Basti creati senza risparmiare nulla, perchè potessero durare nel tempo,.
“Tant’è che mi è difficile trovarne oggi qualcuno per ricordo personale di mio padre proprio perchè sono ancora usati da qualche mulattiere. La sella è per i cavalli, il basto è per il mulo e l’asino. La sella può essere anche fatta in serie, il basto no: va fatto su misura poichè l’animale deve sentirsi fasciato affinchè il peso portato per ore non dia fastidio e non rechi danno”.

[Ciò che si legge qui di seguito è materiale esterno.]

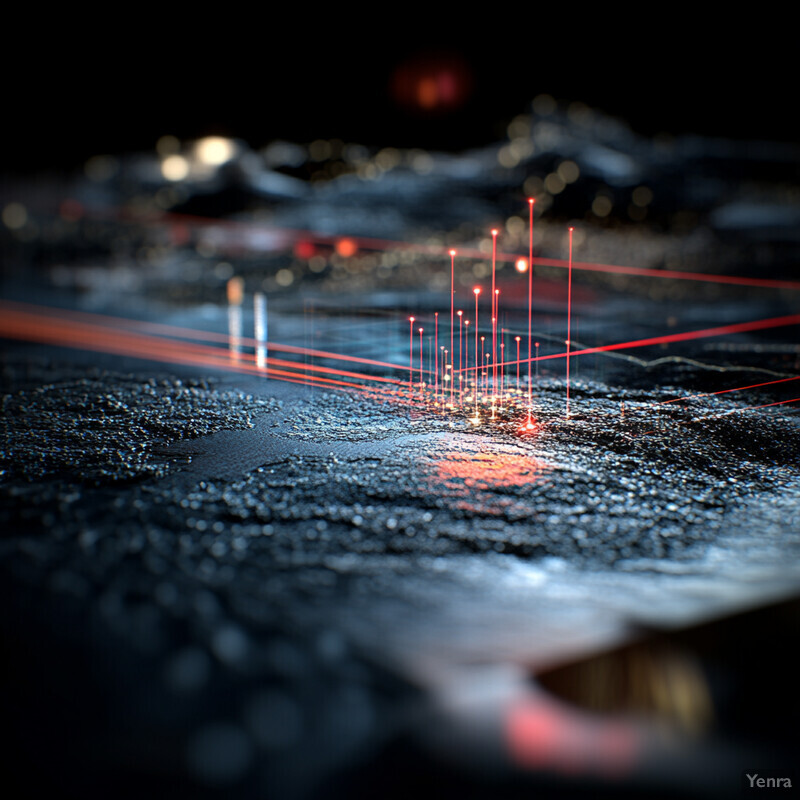 A computer-generated landscape with laser beams and red lines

L’importanza delle materie prime
“I basti di una volta erano fatti con materiale d’eccellenza : gli arcioni (due per ogni basto) di legno ricurvo naturalmente li sceglieva lui personalmente, scartando quelli poco affidabili. Particolari e personalissime scelte erano fatte sulla tela, sulla paglia, sulle tavole (due per ogni basto) rigorosamente tutte di un pezzo, che piegava lui personalmente con il fuoco e bagnandole con l’acqua, e per lo spago. Ulteriori e rigorose selezioni erano riservate per il pelo animale che faceva arrivare, in grosse balle, da Genova e che riusciva, con tanto sudore, a rendere soffice e vellutato, liberandolo da impurità e residui con una speciale e originale macchina con rulli a mano che purtroppo è andata perduta. Stesso discorso di accurata selezione per i capperoni: erano fatti con grossi tubi antincendio in disuso di prima qualità, che tagliava e riscaldava al sole o al tubo della stufa perchè risultassero più morbidi. Li prendeva da Claudio di Celano. Portava la stessa attenzione nella scelta di un particolare pellame nero e, addirittura, per i più umili chiodi: sì, anche questi avevano per lui una grande importanza”.
Su misura
“Le misure venivano prese sul mulo e sull’asino che avrebbero portato quel basto presso la sua bottega, o inviate per posta dai mulattieri più lontani. Ciò che usciva fuori dall’artigianale e magico assemblaggio manuale dopo aver usato faticosamente l’ascia, dopo aver faticosamente fatto i buchi sul duro legno a mano ( il trapano elettrico è stato inventato dopo e, quindi, adoperato solo negli ultimi anni) e usato grossi aghi era il suo “mmasto”, che veniva alla fine quasi accarezzato dalle sue grosse mani, callose e indurite. Il suo “mmasto” era un mix di profumi, magici odori di sudore, di legno, di spago, di paglia, di tela, di capperoni, di pelo animale e di pelle. Sembrava che anche gli stessi chiodi profumassero . Per i mulattieri, Domenico Jo Mastaro era affidabile, perchè i suoi basti non si rompevano mai, sembravano fatti con l’acciaio”.
Muli e taxi
“Mio padre ha fatto scuola, ha insegnato a molti. Per sei mesi a Sante Marie e per sei mesi si trasferiva a Cappadocia, paese di mulattieri. A distanza di anni, davvero una fotografia del mondo che cambia, d’estate la piazza di Cappadocia diventava gialla per via dei tantissimi taxi: perchè molti mulattieri avevano venduto i loro muli e acquistato licenze di taxi a Roma, e con quelli tornavano al paese”.
Insegnamenti silenziosi
“A ricordo dei tempi andati nella piazza di Cappadocia c’è oggi una statua in bronzo del mulo con “jo mmasto” e legna e a Sante Marie c’è una statua in bronzo del basto. Ringrazio mio padre, cui dedico queste due righe, per gli insegnamenti che mi ha dato anche con i dui sguardi e con i suoi silenzi. Mi ha lasciato magici ricordi di profumi che non sento più”.